● **DATA EXTRACT**
===============

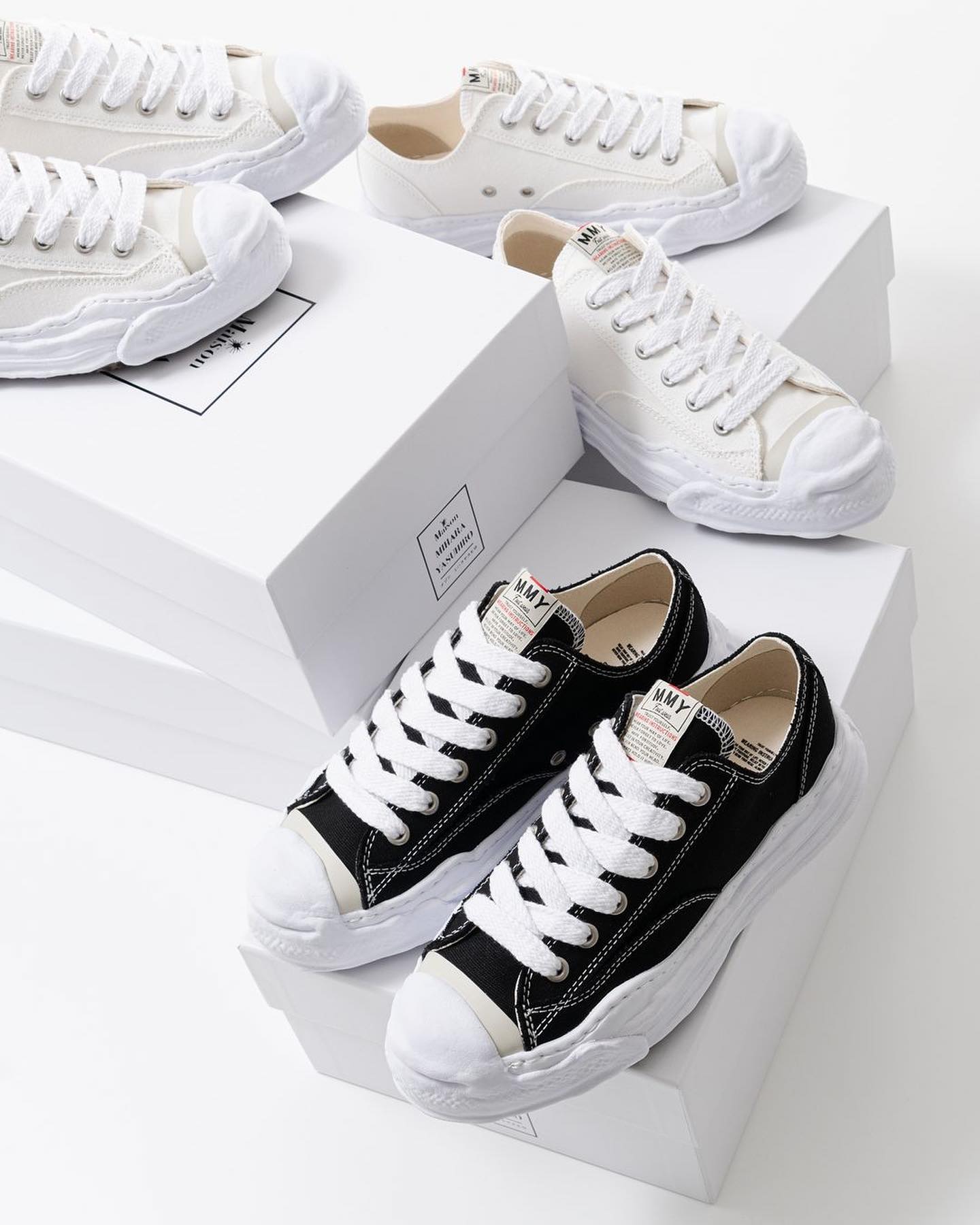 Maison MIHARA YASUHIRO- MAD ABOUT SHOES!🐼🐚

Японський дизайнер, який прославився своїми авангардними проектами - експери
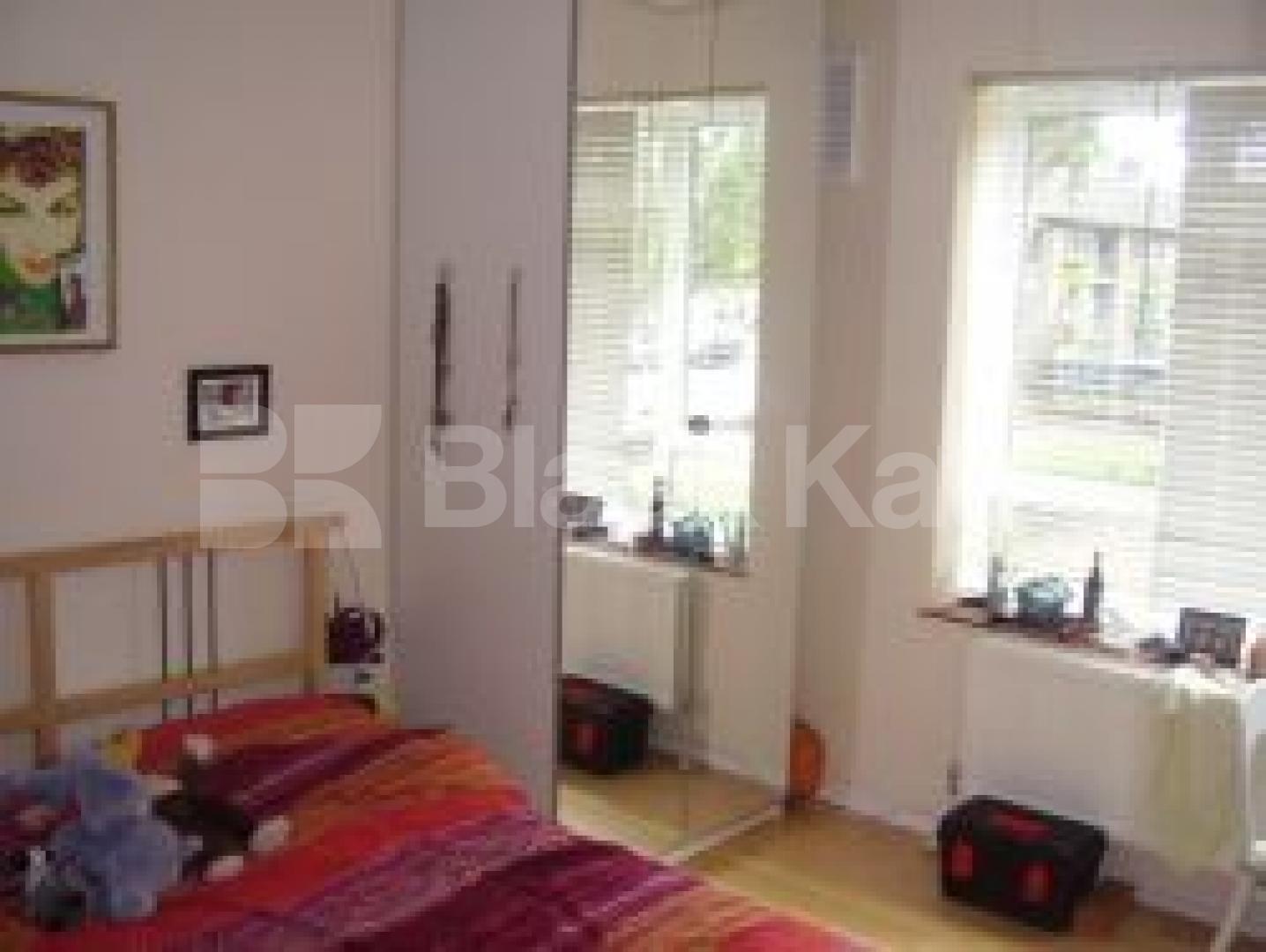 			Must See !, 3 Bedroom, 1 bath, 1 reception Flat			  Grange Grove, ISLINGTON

===============

● **WHAT TO WORK ON**
Print the listing exactly, minus its pictures.

● **YOUR SOLUTION**
 Maison MIHARA YASUHIRO- MAD ABOUT SHOES!🐼🐚

Японський дизайнер, який прославився своїми авангардними проектами - експери
 			Must See !, 3 Bedroom, 1 bath, 1 reception Flat			  Grange Grove, ISLINGTON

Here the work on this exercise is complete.